Well, I’m not a fan of global constructors, but the existence of rust-ctor
illustrates the danger of taking useful functionality from C/C++ and refusing to implement it. In a language as flexible as Rust, someone will implement it anyway, but without the benefit of the compiler knowing what’s going on, often resulting in brokenness.
FWIW, it should be possible to implement inventory
without using global constructors. rust-ctor
works by placing statics in a specially-named section to invoke OS-specific functionality that automatically treats them as pointers to initialization routines.
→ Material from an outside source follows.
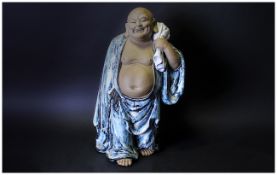 Large Chinese Stoneware Buddha Standing Carrying a Sack, Wearing a Glazed Blue Toga. Height 19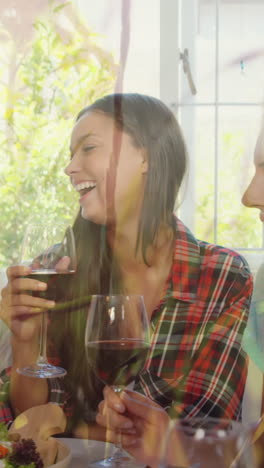 animación de hierba sobre amigos caucásicos femeninos y masculinos bebiendo vino y hablando en casa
But you could also put statics in an arbitrarily-named section and use OS-specific functionality to get the beginning and end of that section at runtime:
- Playground link that works on Linux and anything else using a GNU linker, plus Darwin
- Should be possible on Windows too based on this Stack Overflow answer
That way you can have a function iterate over all the statics in the program that are declared in that section, with no need to run code before main
.
In theory, it should also be possible for rustc to implement a version of this “put me in a list” operation itself, based on the metadata embedded in rlibs and Rust dylibs, rather than having to rely on OS-specific constructs.
Edit: The above won’t work with dylibs, though, since you’ll only see the symbols defined within your own dylib. A metadata-based native Rust version wouldn’t have that limitation.